The insurer with underwriting profit
Aspen Insurance Holdings Limited (NYSE:AHL) is an insurance and reinsurance company with two underwriting segments: Insurance and Reinsurance. In 2012, the Insurance segment generated more than $1.35 billion in gross written premiums, accounting for 52.5% of the total gross written premiums, while the reinsurance segment contributed more than $1.22 billion in premiums. In 2012, Aspen experienced underwriting profit in both business segments with the combined ratio of 85.4% and 99.3% for the reinsurance and the insurance segment, respectively.

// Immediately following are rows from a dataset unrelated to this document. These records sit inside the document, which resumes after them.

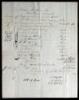 Archive of approximately 44 manuscript documents relating to the building of the Carson Valley & Yankee Jim's Emigrant Road - 3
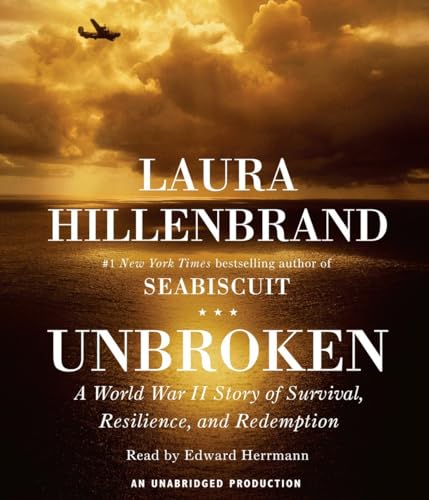 Stock image for Unbroken: A World War II Story of Survival, Resilience, and Redemption for sale by Wonder Book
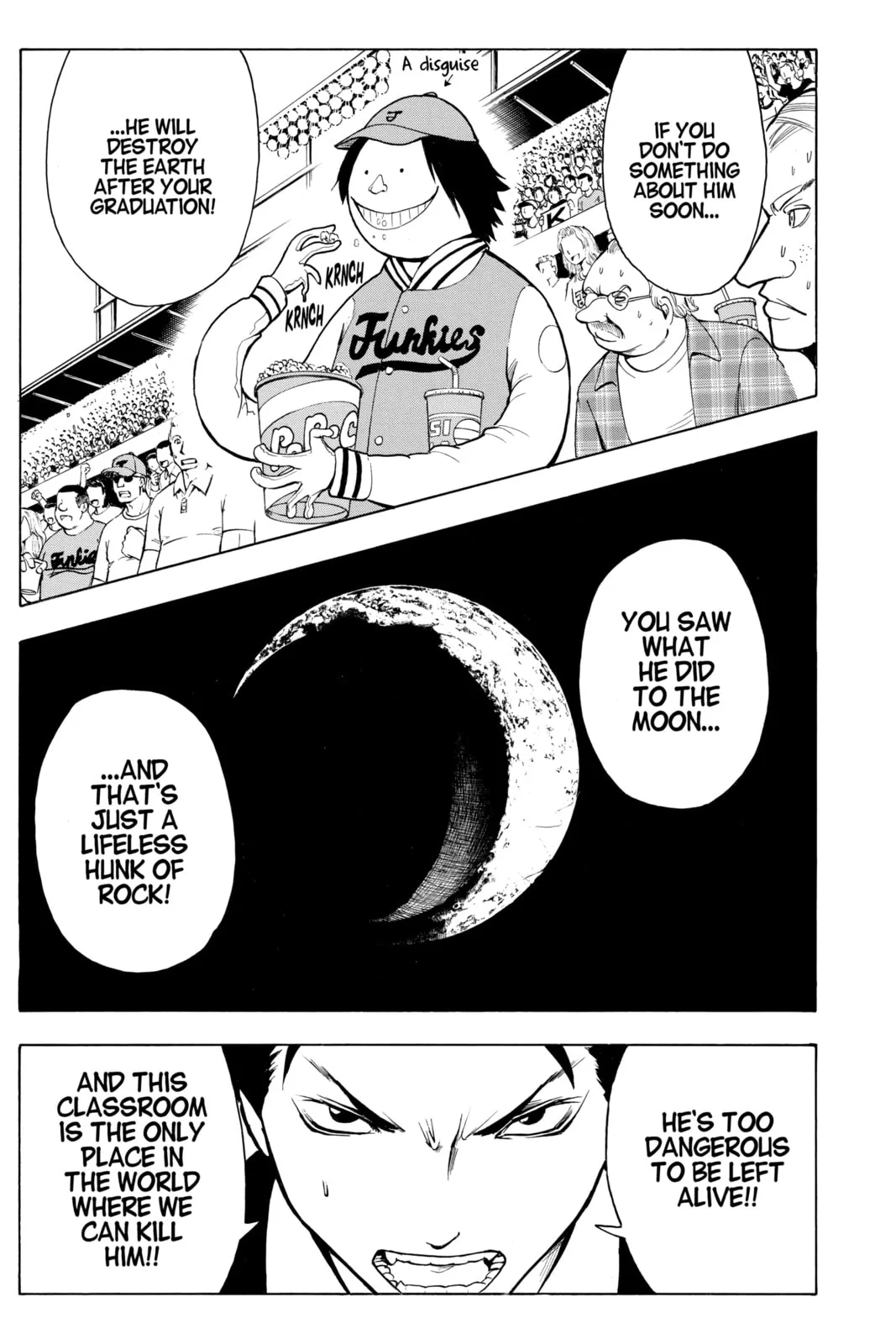 Assassination Classroom — Chapter 2 — Page 18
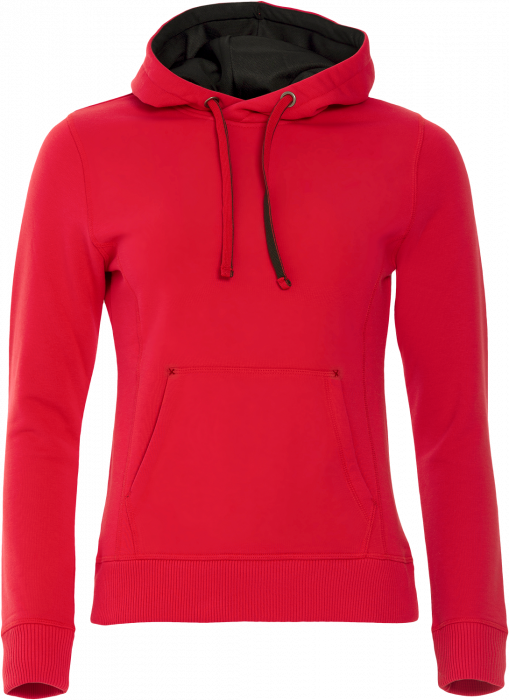 Clique - Classic Hoody Woman - Czerwony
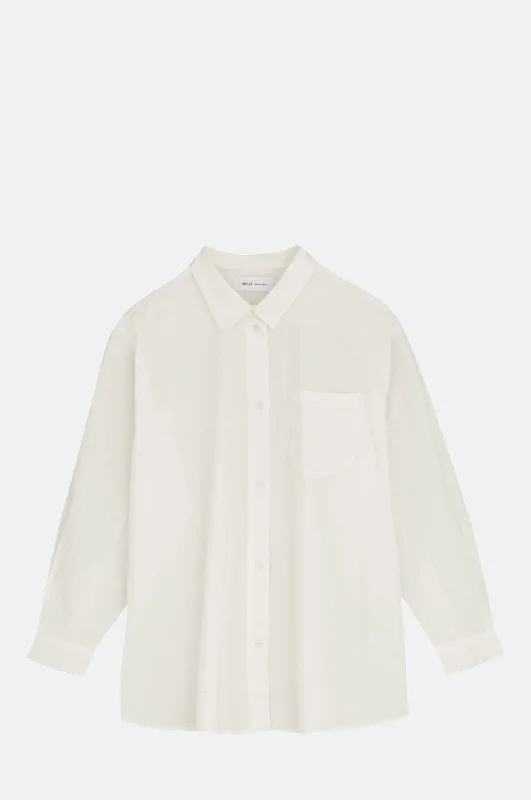 Edgar Shirt Light Cream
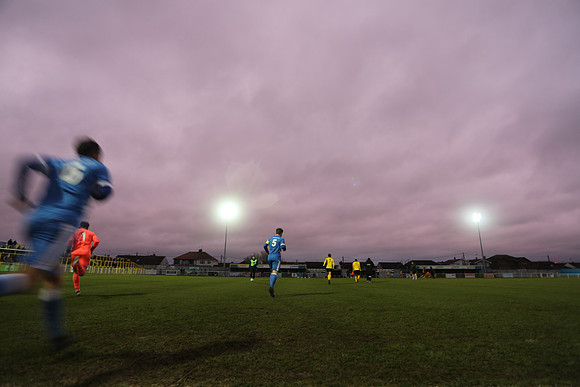 Canvey Island v Tonbridge Angels - FA Trophy - 27th November 202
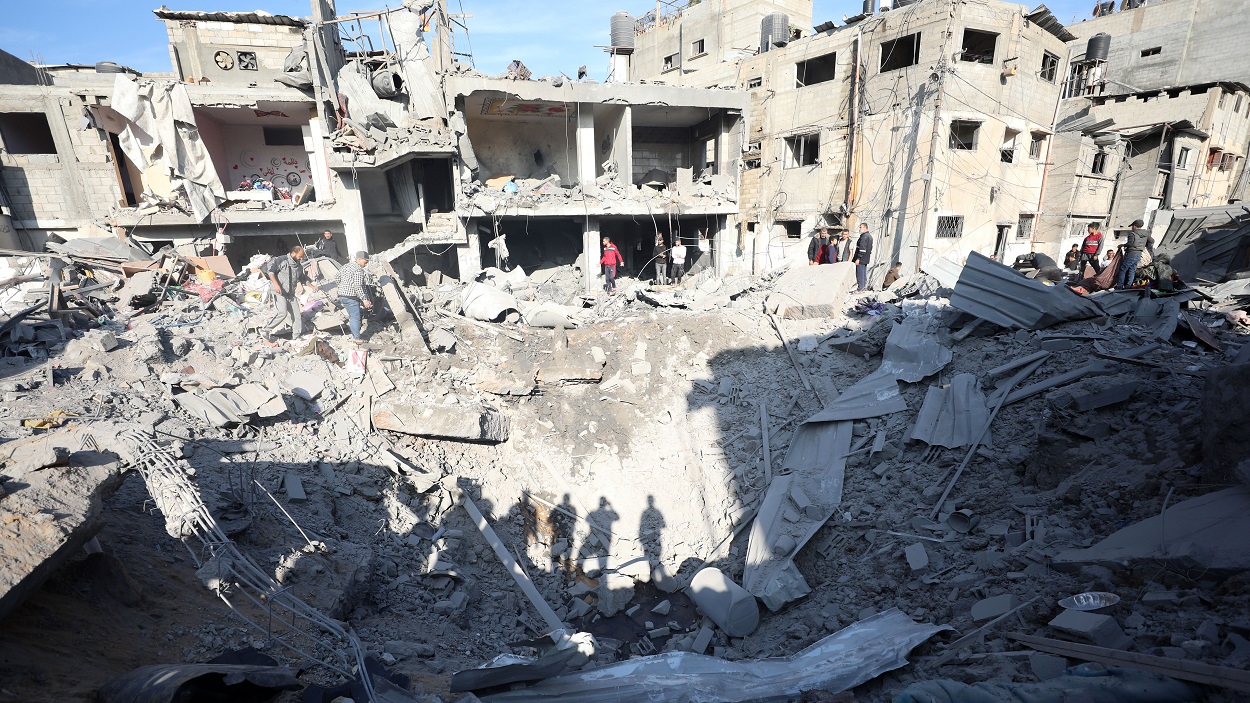 Organizaciones humanitarias denuncian grave "violencia y horror" en Gaza y Cisjordania. EP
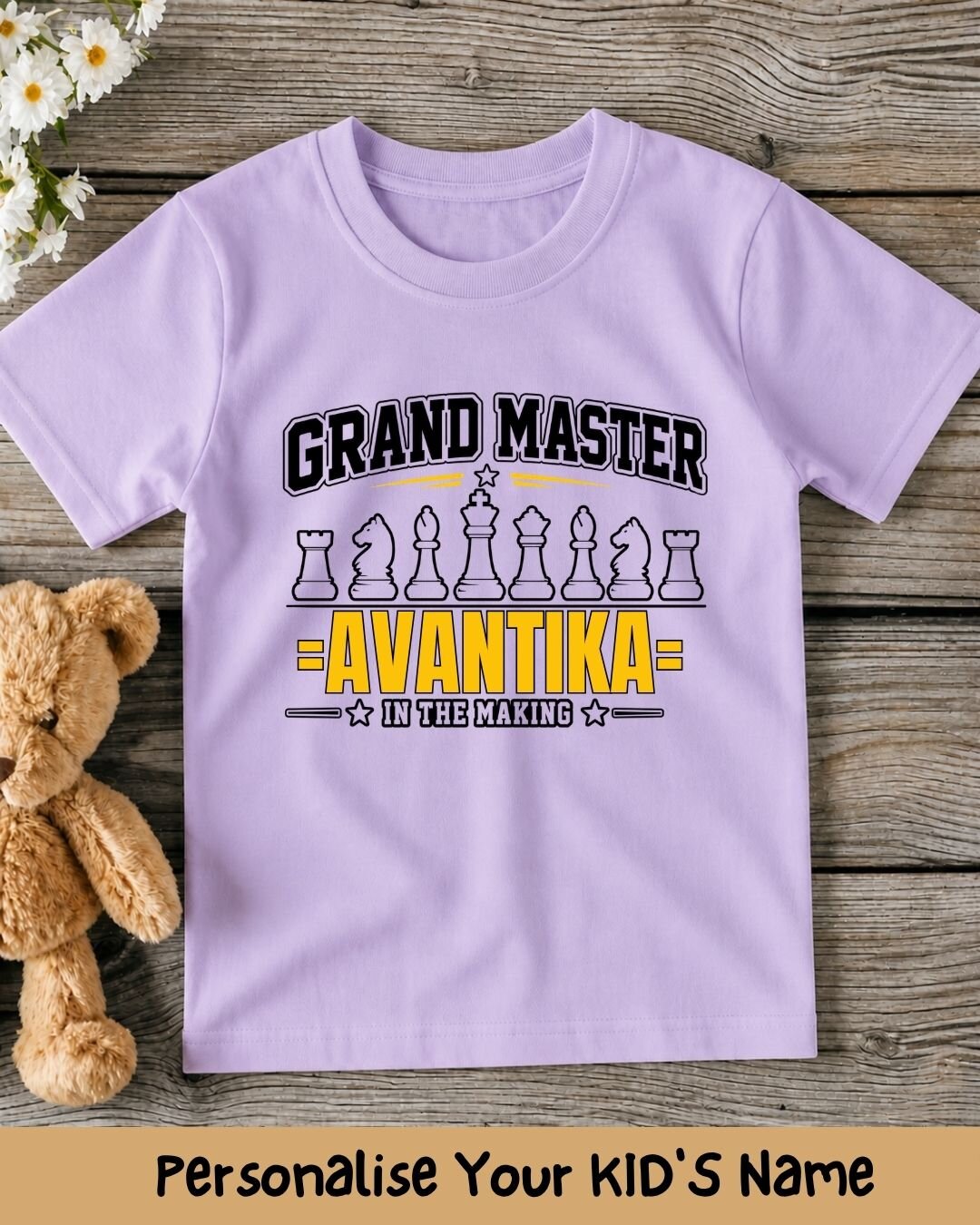 Future Sport Star Custom Kid Cotton Tee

Thus, Aspen’s consolidated combined ratio stayed at 94.3%.
For the investment portfolio, Aspen Insurance Holdings Limited (NYSE:AHL) concentrates its investment, around $2 billion in corporate fixed income securities, $1.18 billion in Agency Mortgage-backed securities, and $1.13 billion in U.S Government fixed income securities. At the end of 2012, the estimated fair value of its cash and investments was more than $8.2 billion. I estimated the insurance float of Aspen to be more than $4 billion. The float is quite an important term in the insurance business. It is the temporary free cash that insurers generate when writing new insurance policies. Between the times insurers receive the float and the time insurers have to pay the claims on insured events, insurers could go out and invest that float. With the underwriting profit, it means that Aspen got paid to hold policyholders’ money.
Aspen Insurance Holdings Limited (NYSE:AHL) is trading at $37.30 per share, with the total market cap of nearly $2.5 billion. The market values Aspen at 10.9 times its forward earnings and only 73% of its book value. As mentioned above, its total cash and investment portfolio, $8.2 billion, was three times higher than the current market capitalization of this insurer. In the full year 2013, Aspen expected to achieve 10% operating ROE in 2014, with around $200 million of excess capital and at least $300 million in share repurchases during the year.
Fairfax Financial’s strategic acquisition of American Safety Insurance
In the current environment, there were several decent acquisitions in the insurance/reinsurance business. Recently, Fairfax Financial acquired another small cap insurance, American Safety Insurance Holdings, Ltd. (NYSE:ASI) for more than $300 million. American Safety operates in three main business segments: excess and surplus, alternative risk transfer, and assumed reinsurance. In the past three years, American Safety’s underwriting performance has been worse than Aspen Insurance Holdings Limited (NYSE:AHL), with the combined ratio more than 100%. In 2012, its combined ratio stayed at 108.1%. However, as American Safety produced more than $630 million in float, the cost of float generation was estimated to be around 3.2%, lower than the 30-year Treasury yield of 3.3%. Interestingly, American Safety Insurance Holdings, Ltd. (NYSE:ASI) seems to be a bit more expensive than Aspen, as it is valued at 89% of its total book value.